A. The Yearly Round of Observances:

1)New Year's Festival
 

The Yearly Round of Observances starts with the New Year's Festival. In an urban society, people visit a Shinto shrine or a Buddhist temple during the first three days of a year as the first thing to do. In a rural society based on agriculture, however, each house executes a ceremony by themselves to invite the deity of a year, or the communal body does it on behalf of each household, and a family or the community share with the ancestral spirits the specially prepared meal and the rice wine.

 
Even in an urban society, people place a new amulet received at a tutelary shrine of the locality or a new Taima (a special amulet purified and distributed by the Grand Shrine of Ise) in an alter of one's own house. After that, a family drinks Toso (the special sake for a new year's ceremony) and enjoys the New Year's meal.


2)Bon Festival
 

Bon festival held in July or in August as an ancestral souls' day is said to be a Buddhist festival related to Chinese Urabon sutra. However, it is also considered to be a folk Shinto faith with following reasons: people visit grave yards in order to recall the souls of ancestors which had been once sent to the Pure Land, being free from all the agonies of this world; all the members of a family or a clan get together to enjoy the specially prepared meal for the occasion. From these points, Bon Festival is considered to be one form of the amalgamated folk faith which has been customarily performed in Japan for a long time. It is even clear when we consider a fact that Buddhism originally does not say the continuous existence of individual soul after death.
 

3)Other Festivals
 

There are many other festivals including those which are related to various kinds of professions, such as agricultural works, industrial works, or commercial activities.

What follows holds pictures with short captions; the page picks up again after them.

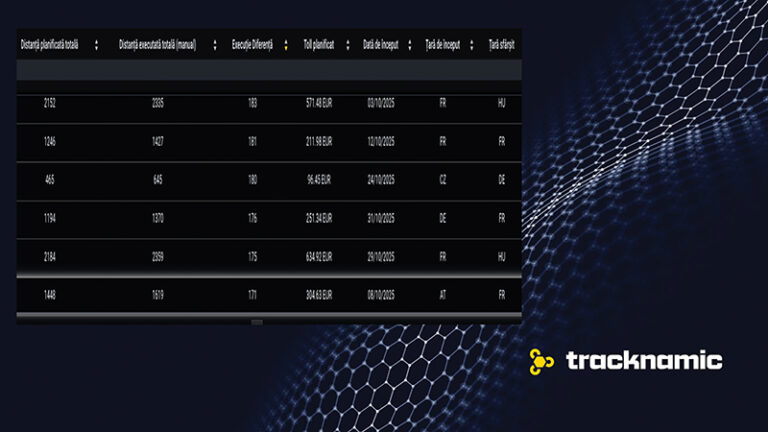 Prezentare Araisa - beneficii TMS Tracknamic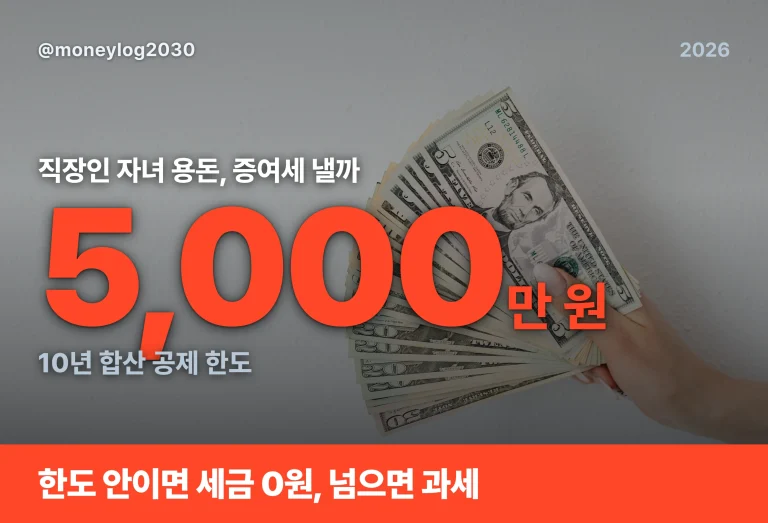자녀 용돈 증여세, 직장인 자녀도 내야 할까(2026)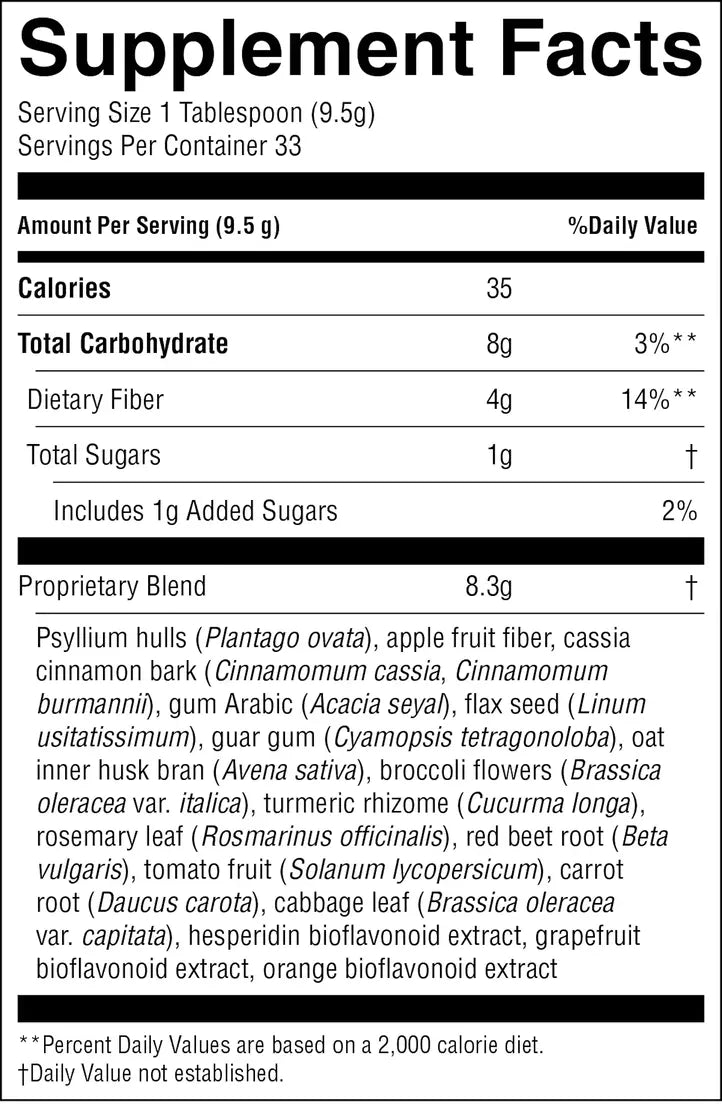 Nature's Sunshine LOCLO® (11 oz.) - Nature's Best Health Store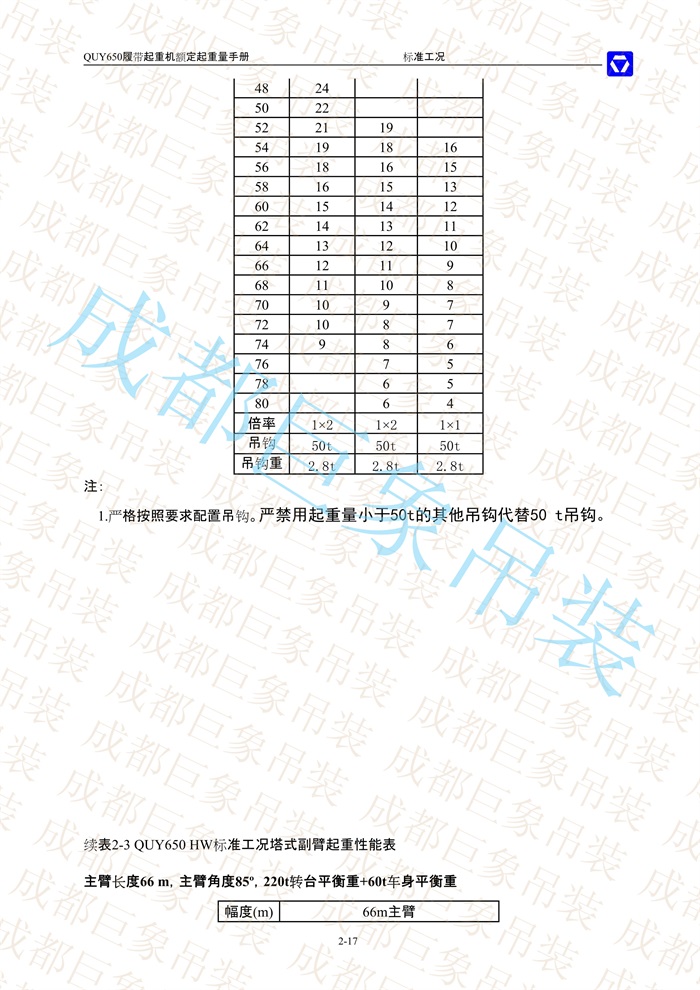 QUY650起重性能表-標(biāo)準工況總表_34.jpg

There are also many festivals to wish an individual happiness and prosperity avoiding any troubles and misfortunes, or those which have been influenced by Buddhism, Taoism, and Yin-Yang thought. There are seasonal festivals, too. On the last day of a year, the Japanese cleans a house and the surrounding area, and takes a bath to clean themselves, then eat Soba noodle to wait for a New Year. This is undoubtedly a custom based on Oharae (purification) that Shinto has been practiced since ancient times.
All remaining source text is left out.